During the course of preliminary communications regarding the implementation of the revision here at issue, HHS advised the Department that it questioned the reasonableness of classifying facilities on the basis of *590governmental or non-governmental ownership. As HHS then indicated, “the basic services provided by the county and non-county facilities are similar. . . .” HHS advised the Department that “[a]s a principle, criteria used to establish classes should be sufficiently general to apply to both government and non-government facilities. Provider eligibility to be included in a particular classification should not be precluded solely because of ownership.” The Department attempted to justify its classification of facilities in terms of ownership by virtue of the fact that counties are obligated to care for dependent persons such that a greater proportion of Medicaid patients reside in county nursing facilities.7 While we cannot fault the Department for its evident recognition of county budgetary concerns, we emphasize that there is no evidence on this record that such concerns have created a different category of nursing service. Having so concluded, we cannot find that the reimbursement revision affected the “general method of payment to all providers of a particular service” so as to satisfy the first criterion of 42 C.F.R. §447.205. We thus do not address the second and third criteria of that regulation.

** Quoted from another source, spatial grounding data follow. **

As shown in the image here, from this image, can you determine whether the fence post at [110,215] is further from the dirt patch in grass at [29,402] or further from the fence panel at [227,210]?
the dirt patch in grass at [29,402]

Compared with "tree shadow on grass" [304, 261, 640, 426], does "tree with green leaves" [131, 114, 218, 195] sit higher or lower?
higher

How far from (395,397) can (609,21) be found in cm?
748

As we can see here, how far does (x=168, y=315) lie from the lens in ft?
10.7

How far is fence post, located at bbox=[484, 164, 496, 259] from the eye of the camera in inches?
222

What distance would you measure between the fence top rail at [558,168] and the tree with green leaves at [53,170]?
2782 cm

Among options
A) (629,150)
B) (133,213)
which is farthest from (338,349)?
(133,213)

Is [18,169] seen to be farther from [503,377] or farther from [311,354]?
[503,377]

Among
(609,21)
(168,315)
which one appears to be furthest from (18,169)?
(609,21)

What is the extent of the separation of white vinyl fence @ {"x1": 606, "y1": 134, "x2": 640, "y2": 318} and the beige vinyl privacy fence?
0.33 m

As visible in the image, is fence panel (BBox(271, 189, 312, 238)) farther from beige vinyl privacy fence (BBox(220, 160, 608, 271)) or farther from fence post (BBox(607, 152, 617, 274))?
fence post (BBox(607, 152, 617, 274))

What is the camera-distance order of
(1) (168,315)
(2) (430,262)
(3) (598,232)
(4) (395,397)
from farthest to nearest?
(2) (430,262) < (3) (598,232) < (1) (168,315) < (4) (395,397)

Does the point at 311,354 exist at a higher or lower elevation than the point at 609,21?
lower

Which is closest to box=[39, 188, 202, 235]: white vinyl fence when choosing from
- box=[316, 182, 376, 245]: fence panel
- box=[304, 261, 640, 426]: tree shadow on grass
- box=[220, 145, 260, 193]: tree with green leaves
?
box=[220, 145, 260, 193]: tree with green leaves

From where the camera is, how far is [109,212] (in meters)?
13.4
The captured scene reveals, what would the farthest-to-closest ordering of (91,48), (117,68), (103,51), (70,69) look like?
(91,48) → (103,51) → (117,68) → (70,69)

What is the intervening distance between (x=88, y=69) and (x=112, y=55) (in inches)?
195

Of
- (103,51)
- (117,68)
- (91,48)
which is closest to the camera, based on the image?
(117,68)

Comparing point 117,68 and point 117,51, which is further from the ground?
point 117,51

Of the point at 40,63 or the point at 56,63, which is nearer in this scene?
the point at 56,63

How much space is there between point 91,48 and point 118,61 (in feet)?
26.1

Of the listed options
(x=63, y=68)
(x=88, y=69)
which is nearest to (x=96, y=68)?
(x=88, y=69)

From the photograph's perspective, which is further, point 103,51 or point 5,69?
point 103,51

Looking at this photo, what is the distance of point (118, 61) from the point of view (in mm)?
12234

The Department contends that our review of the regulation is restrained by the fact that it was promulgated pursuant to department legislative rule-making authority. See Sections 201 and 403 of the Code, 62 P.S. §§201, 403. As such, we may not invalidate the rule unless we find it so unreasonable as to be the expression of a whim instead of an exercise of judgment. Mountain Rest Nursing Home, Inc. v. Department of Public Welfare, 73 Pa. Commonwealth Ct. 42, 457 A.2d 600 (1983). We are well aware of this principle but cannot *591permit the Departments rule to be premised on an erroneous assumption. The Department here determined the retroactive reimbursement date of October 1, 1980 by erroneously equating differences in criteria of ownership with differences in the provision of nursing services. Such error may not stand. Petitioners are entitled to reimbursement at rates incorporating the revised ceiling retroactive to July 1, 1980.

Accordingly, the Order of the Department is reversed.

Order

And Now, this 20th day of January, 1988, the Order of the Department of Public Welfare in the above-captioned matter is reversed.

Carbon County Home for the Aged, Cedarbrook, Cedar-brook-Fountain Hill Annex, Westmoreland Manor, Beaver Valley Geriatric Center, Fair Acres Geriatric Center, Pocopson Home and Philadelphia Nursing Home. ;

See 10 Pa Bulletin 3122.

See 11 Pa. Bulletin 2610-21.

We find no support for the Departments contentions that petitioners are here precluded from relief by their failure to take preliminary action to enjoin the implementation of the regulation or to seek a declaration from HHS as to the propriety of same. As neither contention was raised in the Departments Petition for Reconsideration or at any prior juncture in the instant matter, we will not now consider these arguments.

The regulations formerly contained in 42 C.F.R. §430.1 are now found in 42 C.F.R. §§400.200 and 400.203.

Act of August 14, 1935, Ch. 531, Title XIX, added by the Act of July 30, 1965, § 121(a), 79 Stat. 344 (current version at 42 U.S.C.A. §1396(d) (a)-(o) (West Supp. 1987)).

We do note that by letter dated March 17, 1981, HHS granted approval to the MA plan amendment, effective July 1, 1980.